======== Material for this exercise
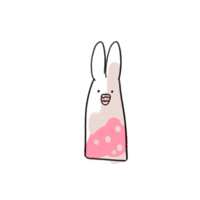 https://images.plurk.com/7HPqLR69d1TUQ9ISDLLEm2.gif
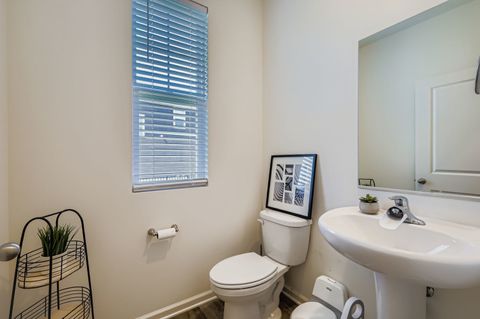Tiny photo for 25501 W Cerena Circle, Plainfield, IL 60586 (MLS # 12481953)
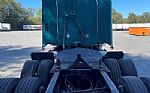 2014 CORONADO 132 Thumbnail 4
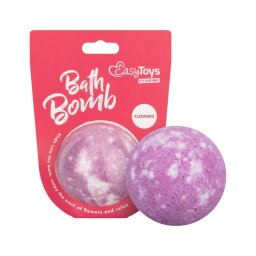 Easytoys - Fürdőbomba - virág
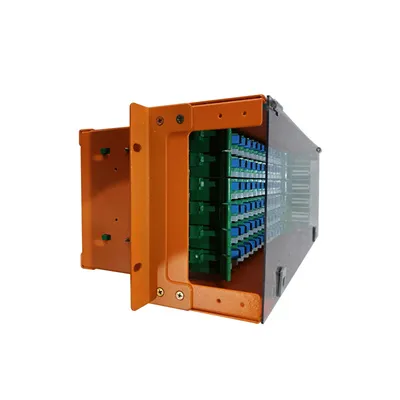 Italian Off-Grid Solar Energy Storage Cabinet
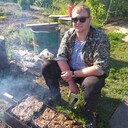 ���������� ����-�����������, ���� ����� �������, 24 ����, ������������ ��� ������, ����� � ���������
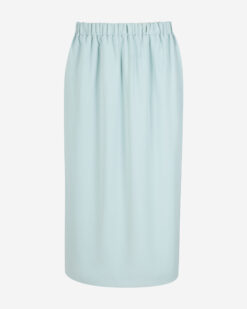 Duup Skirt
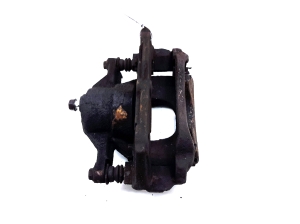TOYOTA Avensis T27 (2008–2019) Pidurisadul 4773002361 - 4
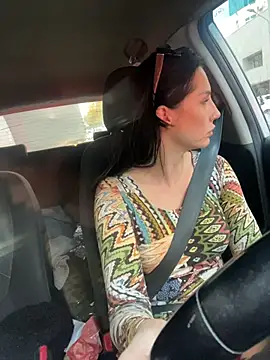 Roxana-Sexy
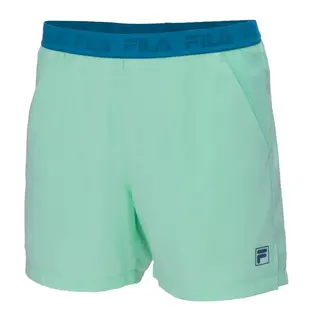 Fila Jarno Aνδρικό Σορτς, Μέγεθος: S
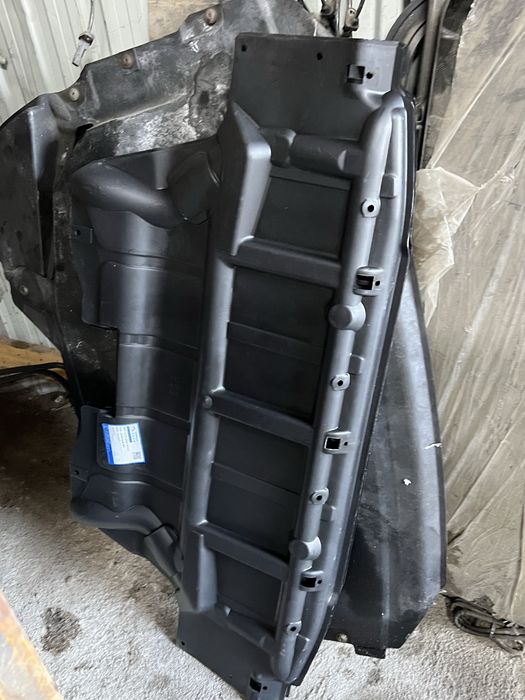 Запчасти BMW E53,E70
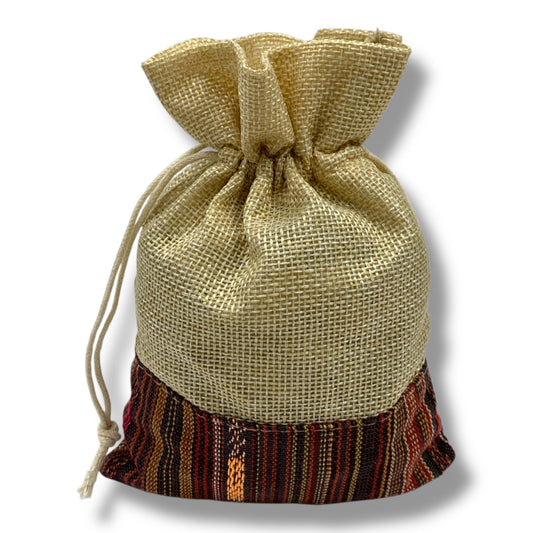 Girgian Pouches By Dozen #15 || اكياس قرقيعان بالدرزن #15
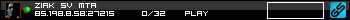 350x20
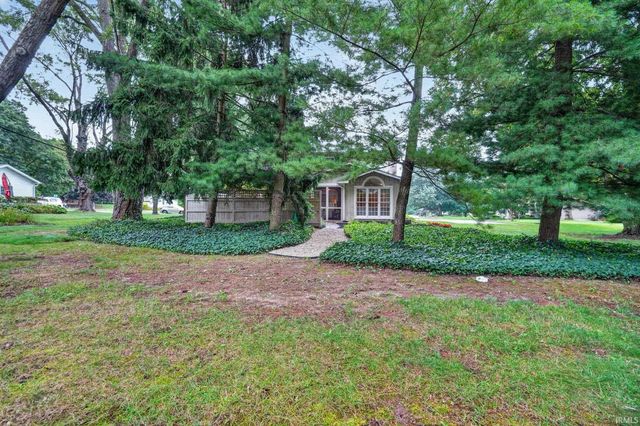 3816 Gate Road, Lafayette, IN 47909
================
**Work to be completed**
With the pictures left out, output exactly the lines that begin at the line containing "TOYOTA Avensis T27" and end at the last line of the material.

**Output for this exercise**
TOYOTA Avensis T27 (2008–2019) Pidurisadul 4773002361 - 4
 Roxana-Sexy
 Fila Jarno Aνδρικό Σορτς, Μέγεθος: S
 Запчасти BMW E53,E70
 Girgian Pouches By Dozen #15 || اكياس قرقيعان بالدرزن #15
 350x20
 3816 Gate Road, Lafayette, IN 47909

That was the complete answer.